AI-Assisted response
AI analyzes data, surfaces insights, and provides recommendations – but the final decision is made by a human.
This is like having a team of highly skilled analysts working 24/7. The AI takes care of the heavy lifting: scanning logs, detecting patterns, and summarizing risks. But it doesn't press the button – it hands over the decision to you.
Why it matters:
•Ensures human judgment stays at the core of critical decisions.
•Reduces the burden on analysts by cutting through noise.
•Lowers the risk of catastrophic mistakes caused by false positives.
Example: An AI system might flag a suspicious login from an unusual location. Instead of immediately locking the account (which might disrupt a traveling executive), AI provides the context and a recommendation – leaving the final decision to security staff.
AI-Automated response
AI takes action without human oversight – blocking traffic, isolating devices, or shutting down systems on its own.
This approach is fast and can contain threats in real time, but it comes with serious risks:
•A false positive could take down a critical business system.
•Overreliance on automation can create blind spots when AI misses context.
•Trust in the system can erode if it acts too aggressively.
Example: An AI system might automatically quarantine a server because of abnormal traffic. If the AI misclassifies legitimate activity as malicious, that automated response could cause unnecessary downtime.
Why the balance matters
While full automation sounds appealing, the truth is: critical moments require human judgment.
AI can:
•Inform decisions with speed and accuracy.
•Accelerate investigations.
•Assist by surfacing insights that humans might miss.
But it should not replace the decision-maker when the stakes are high.

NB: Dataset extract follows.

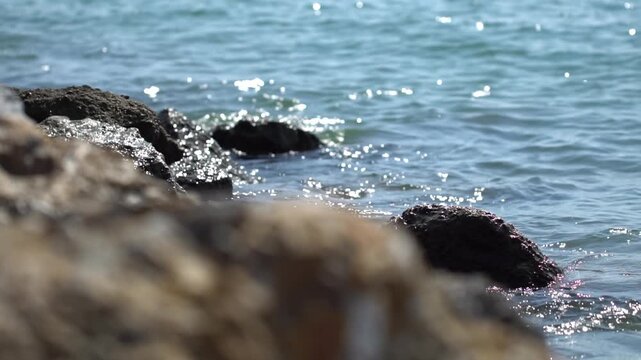 Close-up view of sunlit ocean water with gentle waves lapping against rough, dark rocks on a sunny day. Surface reflects bright sunlight, creating shimmering effect as water recedes, revealing wet tex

The Strongest Approach: AI-Assisted, human-in-the-loop
The most effective strategy is not to choose between humans and machines – it's to combine their strengths.
•AI filters the noise – spotting anomalies and highlighting what matters most.
•Humans provide context – understanding business impact, weighing risks, and making nuanced decisions.
This collaboration creates a system that is both fast and reliable.
InSight does not just hand you the data and expect your teams to make sense of it – but neither does it take action upon alarm by itself.
InSight collects data, provides correlation and interpretation with our integrated expert knowledge and suggests probable cause.
But that is where machine action stops, and human action begins. The human has all the information needed to solve the problem, as we provide not only visualization, but also interpretation and cause analysis.
But it is up to the human to decide how to act. This is the best way to avoid critical false positives.
At the end of the day, AI should empower people, not override them.
Because in security and decision-making, the click that matters most still belongs to you.